As illustrated in FIG. 2 , two respective groups 7 of the plurality of detectors associated with two respective adjacent radiation emission zones 3 selectively generating penetrating radiation in the plurality of radiation emission zones 3 are configured to share at least two detectors so that the two respective groups partly overlap each other. In other words, at least two (and in practice many) detectors 6 are common to two respective, successive groups 7. This means that the respective groups of detectors do not need to be totally exclusive and physically located in totally separate planes for two different, e.g. adjacent, radiation emission zones.

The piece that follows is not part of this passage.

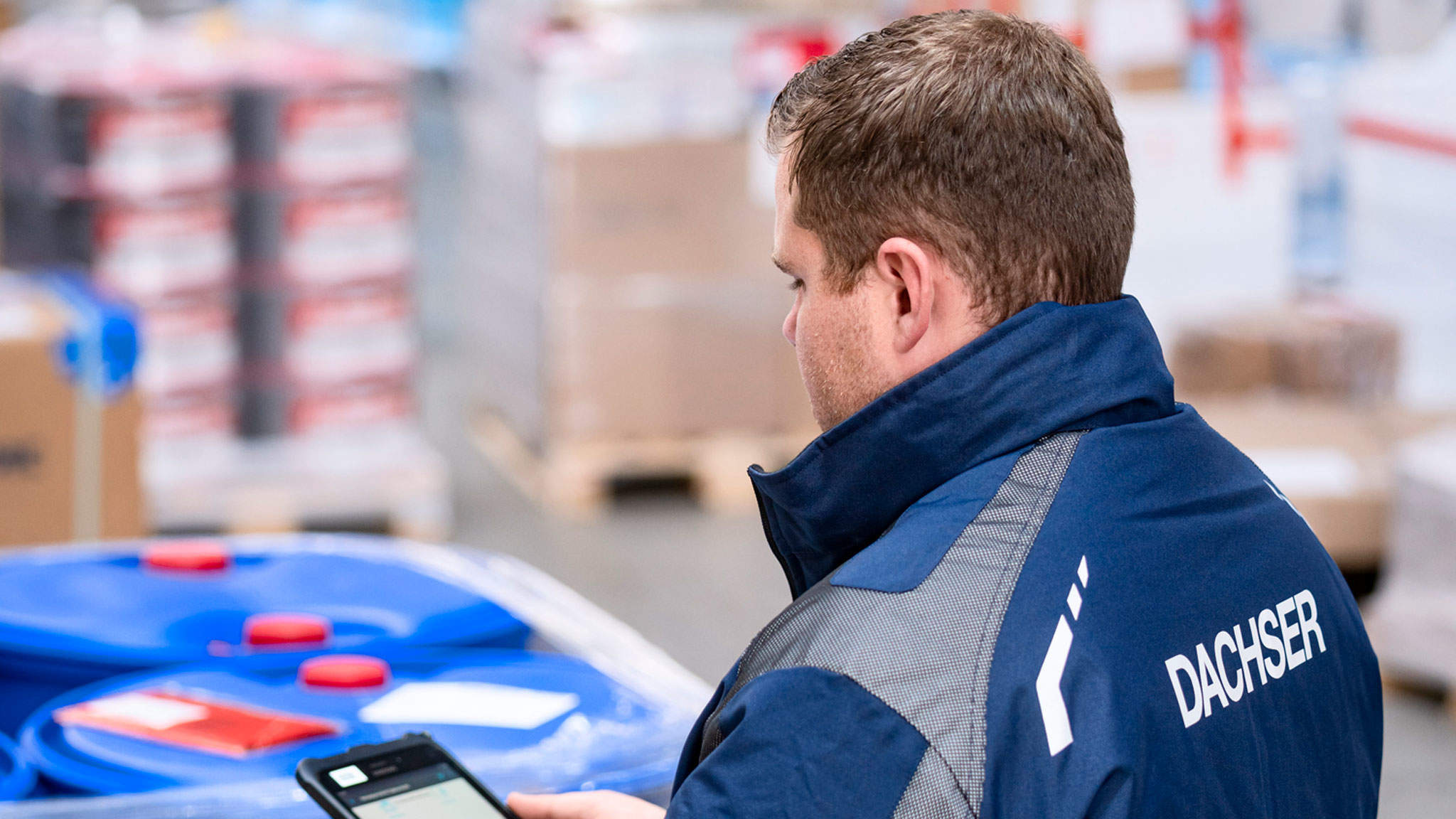 With low-code/no-code platforms, employees can create digital applications with simple tools that make work easier and optimize processes. With low-code/no-code platforms, employees can create digital applications with simple tools that make work easier and optimize processes.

In FIG. 2 , it is apparent that the two respective groups 7 _i−1and 7 _iassociated with the two respective adjacent radiation emission zones 3 _i−1and 3 _ishare a great part of the detectors, i.e. many of the detectors of the groups are in common to the groups, such that the two groups 7 _i−1and 7 _ipartly overlap each other. Some of the detectors 6 at the sides of the groups 7 ⁱ⁻¹and 7 _iare not in common because, as already stated, each radiation emission zone in the plurality of radiation emission zones is configured to emit a fan of penetrating radiation towards the cargo in a general direction of emission different from other radiation emission zones in the plurality of radiation emission zones.
Similarly, the two respective groups 7 _iand 7 _i+1associated with the two respective adjacent radiation emission zone 3 _iand 3 _i+1partly overlap each other.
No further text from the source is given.